Thanks everyone! Looks like I will need to invest in some slimline hoops to be able to do stockings well! I just opened my shop (screen printing and embroidery) and am sure I will be having people bring in stockings soon.


----------



## jwininger (Sep 18, 2008)

yea fast frames. and a sticky backing from madeira


----------



## superpunch.com (Nov 8, 2009)

embroidery adhesive backing will help a lot.
Johnny


----------



## AndTees (Jul 6, 2009)

If the stockings are fuzzy you need a topping too.


----------



## lizziemaxine (Nov 14, 2007)

joshprewitt said:


> Thanks everyone! Looks like I will need to invest in some slimline hoops to be able to do stockings well! I just opened my shop (screen printing and embroidery) and am sure I will be having people bring in stockings soon.


If you have to choose, I would buy Fast Frames first, then buy the Slimline hoops.

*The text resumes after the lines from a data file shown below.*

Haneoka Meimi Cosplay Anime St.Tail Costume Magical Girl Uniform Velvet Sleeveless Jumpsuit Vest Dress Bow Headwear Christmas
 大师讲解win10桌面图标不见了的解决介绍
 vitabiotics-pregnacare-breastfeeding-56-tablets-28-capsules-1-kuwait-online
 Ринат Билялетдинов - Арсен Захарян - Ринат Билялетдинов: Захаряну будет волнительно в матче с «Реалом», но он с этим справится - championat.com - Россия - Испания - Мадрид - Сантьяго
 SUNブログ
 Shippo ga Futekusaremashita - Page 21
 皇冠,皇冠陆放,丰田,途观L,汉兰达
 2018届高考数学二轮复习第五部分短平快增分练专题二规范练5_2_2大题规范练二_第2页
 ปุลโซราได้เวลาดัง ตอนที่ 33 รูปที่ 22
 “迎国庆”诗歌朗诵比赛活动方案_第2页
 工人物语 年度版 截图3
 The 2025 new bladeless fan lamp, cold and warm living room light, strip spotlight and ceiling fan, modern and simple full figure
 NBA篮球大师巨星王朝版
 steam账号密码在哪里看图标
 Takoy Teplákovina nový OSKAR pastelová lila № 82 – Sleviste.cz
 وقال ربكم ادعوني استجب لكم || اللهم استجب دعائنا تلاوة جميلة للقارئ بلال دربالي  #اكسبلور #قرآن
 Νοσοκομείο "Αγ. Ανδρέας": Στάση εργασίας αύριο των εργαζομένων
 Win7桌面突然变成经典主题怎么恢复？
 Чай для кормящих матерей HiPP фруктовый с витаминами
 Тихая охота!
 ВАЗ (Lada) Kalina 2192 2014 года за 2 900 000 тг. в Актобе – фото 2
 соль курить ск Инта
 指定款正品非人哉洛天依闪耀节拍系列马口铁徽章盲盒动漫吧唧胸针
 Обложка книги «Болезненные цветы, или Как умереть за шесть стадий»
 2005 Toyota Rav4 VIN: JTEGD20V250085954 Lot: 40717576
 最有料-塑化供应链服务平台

I have found there are more things I can do with my Fast Frames than I can do with my clamps.


----------



## lizziemaxine (Nov 14, 2007)

AndTees said:


> If the stockings are fuzzy you need a topping too.


Or, you can digitize a light cross hatch pattern, then place the name on top. Stitch the cross hatch in the same color thread as the cuff. This will hold down the fluffy stuff so the name will stand out.
Topping is good also but can get messy to remove.


----------



## LUV DEM TIGERS (Jul 25, 2008)

I use Fast Frames. They are more versatile. Also, if you use the sticky from RNK distributing, you won't have the adhesive buildup like others leave.


----------



## deChez (Nov 10, 2007)

I used the hoop tech clamps....no need for sticky backing, just placed a piece of tear away in the clamp under the fabric.


----------